Captioned web image data:
-----

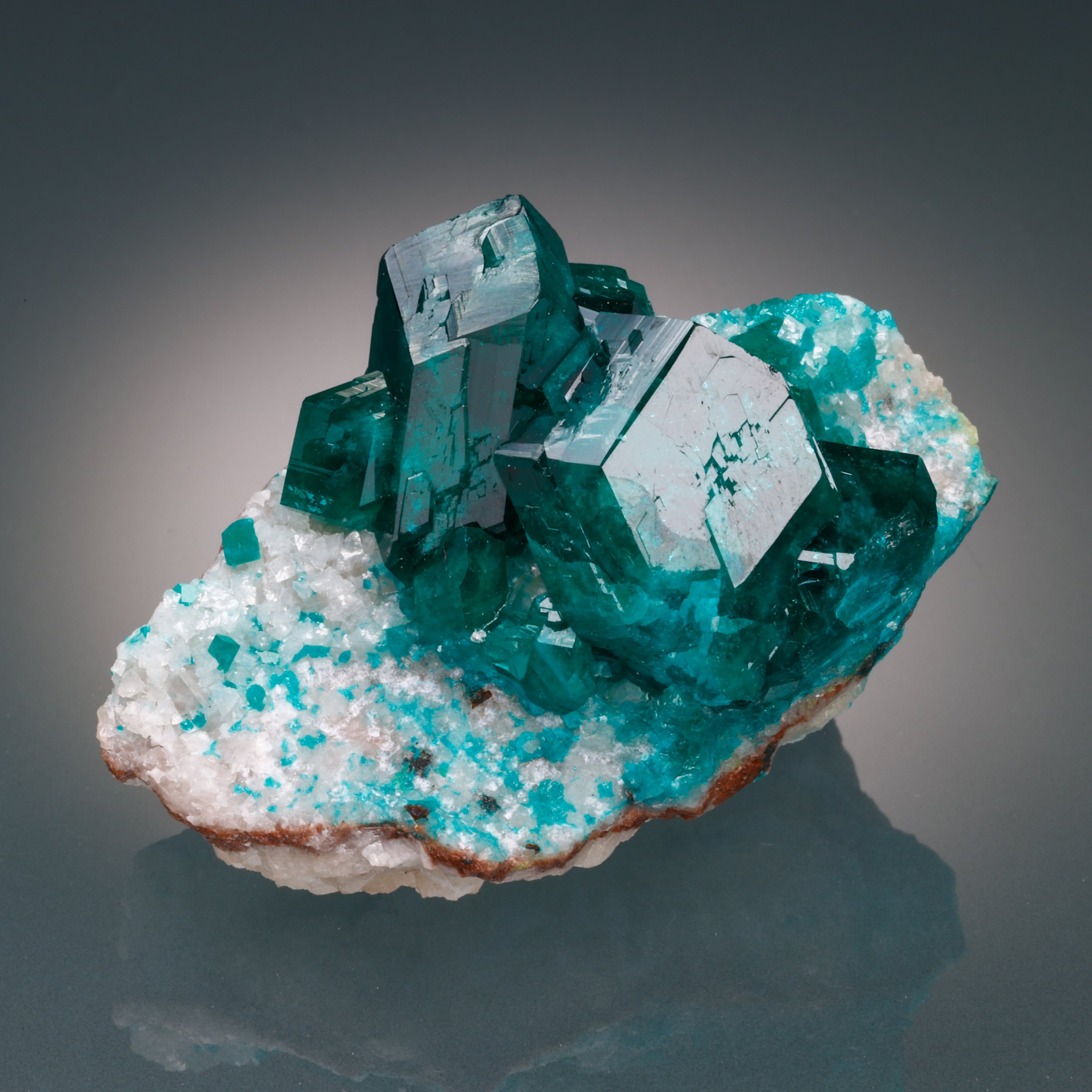 Dioptase, Calcite, Tsumeb Mine, Oshikoto Region, Namibia
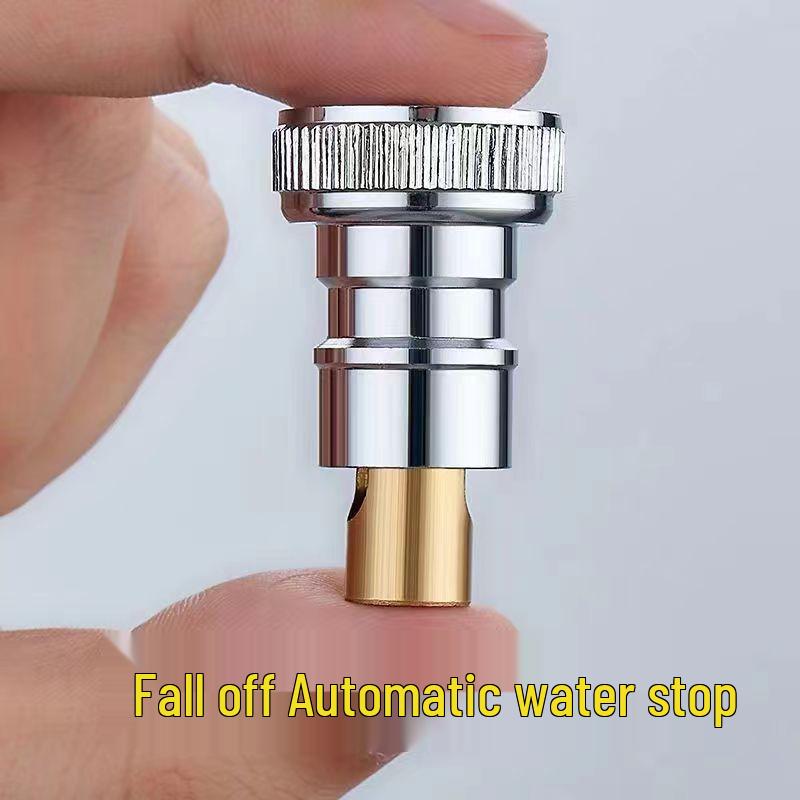 Gunmetal Anti-Fall Automatic Stop Valve Washing Machine Faucet Adapter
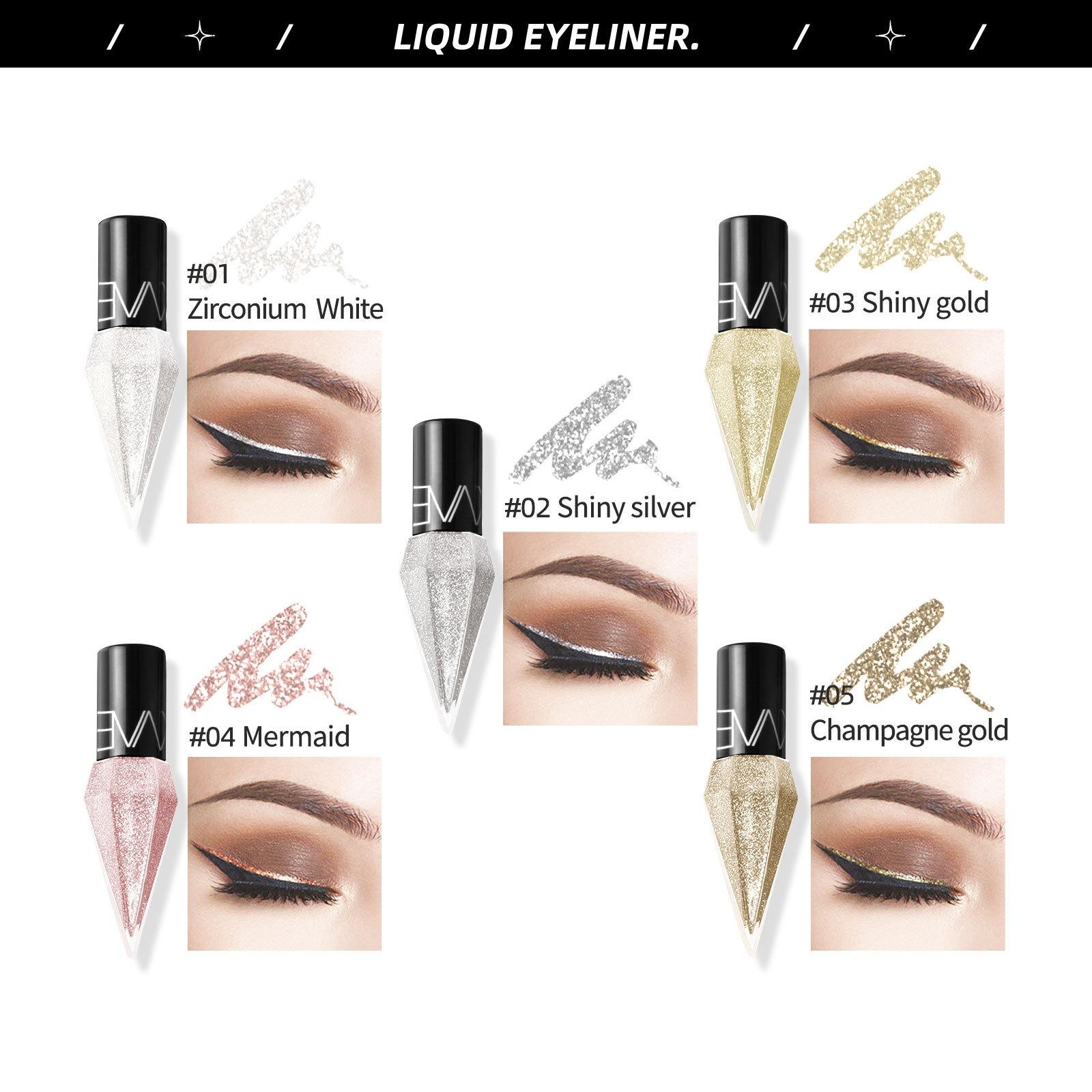 5 Pcs Pearlescent Glitter Eyeliner Liquid Set Makeup Long Lasting Glam Waterproof Ultra Fine Eyeshadow Cream Shimmering Eye Highlighter All Skin Types Cosmetic
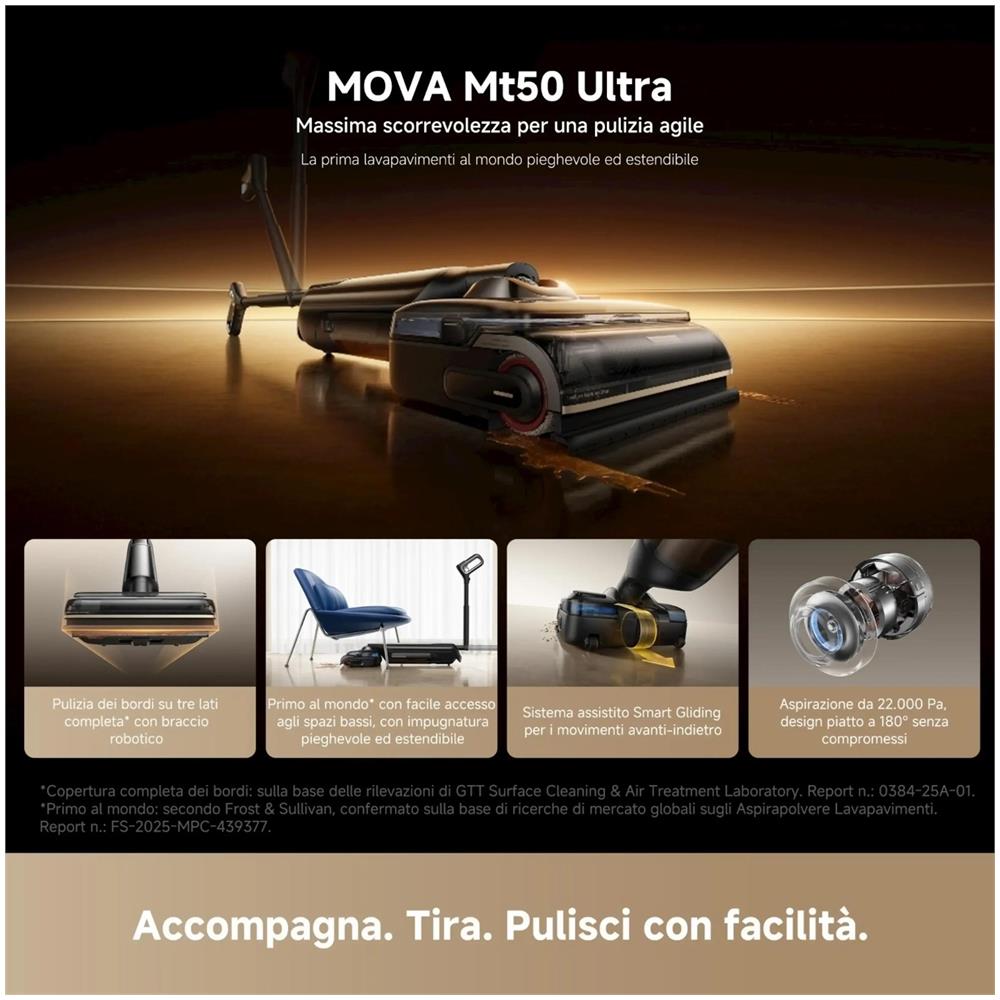 M50VIM ULTRA, ASPIRAPOLVERE LAVAPAVIMENTI SENZA FILO, Aspirazione 22.000 Pa, Impugnatura pieghevole ed estendibile, Tecnologia EdgeCoverage per angoli, Scivolamento avanti-indietro, Lavaggio spazzola a 100 °C e asciugatura in 5 min a 90 °C - Foto 6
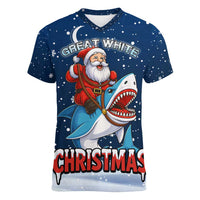 Great White Christmas Shark Christmas Women V-Neck T-Shirt Funny Xmas Holiday Patterns - Wonder Print Shop
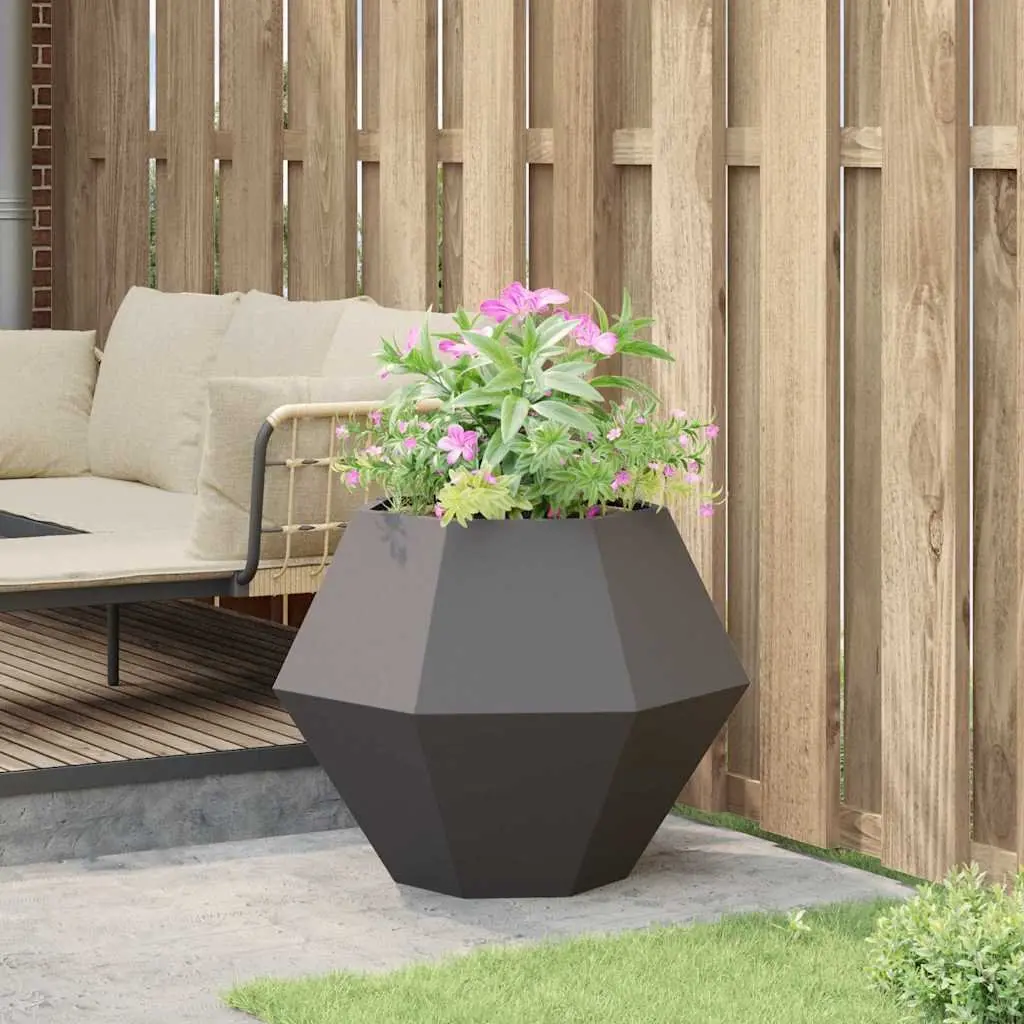Steel Rectangular Garden Planter 75x75x60cm Black Outdoor Pot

-----

TASK ITEM: Repeat each record exactly as shown above, dropping all images.

RESPONSE TO THE TASK:
 Dioptase, Calcite, Tsumeb Mine, Oshikoto Region, Namibia
 Gunmetal Anti-Fall Automatic Stop Valve Washing Machine Faucet Adapter
 5 Pcs Pearlescent Glitter Eyeliner Liquid Set Makeup Long Lasting Glam Waterproof Ultra Fine Eyeshadow Cream Shimmering Eye Highlighter All Skin Types Cosmetic
 M50VIM ULTRA, ASPIRAPOLVERE LAVAPAVIMENTI SENZA FILO, Aspirazione 22.000 Pa, Impugnatura pieghevole ed estendibile, Tecnologia EdgeCoverage per angoli, Scivolamento avanti-indietro, Lavaggio spazzola a 100 °C e asciugatura in 5 min a 90 °C - Foto 6
 Great White Christmas Shark Christmas Women V-Neck T-Shirt Funny Xmas Holiday Patterns - Wonder Print Shop
Steel Rectangular Garden Planter 75x75x60cm Black Outdoor Pot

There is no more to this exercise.